Le soleil trompeur de l'occident ou les grands maux et les petites misères de l'utopie fantasmée
Le soleil trompeur de l'occident ou les grands maux et les petites misères de l'utopie fantasmée
Par Lise Guéhenneux
Catalogue de l'exposition Phantasia, Musée des Beaux-Arts d'Odessa, 1997
Niek van de Steeg refait le monde en construisant son monde où sa propre économie, son économie familiale par exemple, prend place. Il travaille sur la complexité de la réalité, celle d'une société qui a déjà une histoire et dont il construit la métaphore sous la forme d'un système à multiples entrées. Issue d'un projet architectural médiatisé auquel se rajoutent toutes les méthodes et les lectures médiatiques, la Très Grande Administration Démocratique devient une sorte de Tour de Babel fantasmatique où la fiction rejoint la réalité, et inversement.
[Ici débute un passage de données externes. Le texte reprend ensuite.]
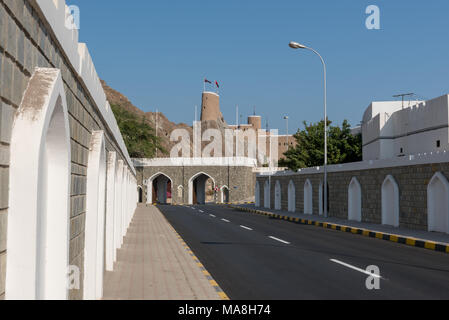 Fort Al-Mirani navale fortilizio difensivo sulla costa della vecchia Muscat (Mutrah), Oman Foto Stock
Les objets utopiques que Niek van-de Steeg met en place dans ses propositions de dispositifs jouent sans cesse des changements d'échelles, allant de la maquette générale d'une construction au plus petit détail à gérer. L'espace de "correction" de cette gigantesque machine n'en finit plus d'apporter de nouvelles prises sur le réel mais, dans le même temps, risque de mettre en péril tout l'édifice, puisqu'un petit changement débouche sur de nouveaux paramètres à prendre en compte, de nouvelles relations à inventer. La machine peut devenir un décor - on pense alors aux décors des fêtes de la révolution de 1989 ou au monument à la IIIème Internationale de Tatline, pour ne citer que ces exemples. Cet instrument peut se montrer redoutable, devenir un piège, aussi est-ce par l'absurdité, la stimulation de mise en pratique ou l'utilisation et l'expérimentation réelle des fonctions de cette gigantesque structure que l'objet fantasmatique perd son caractère cauchemardesque pour devenir un instrument de jouïssance, de plaisir. La légèreté fait place à la menace grâce, notamment, à la nature des matériaux, à l'aspect bricolé, malléable et jamais parfait.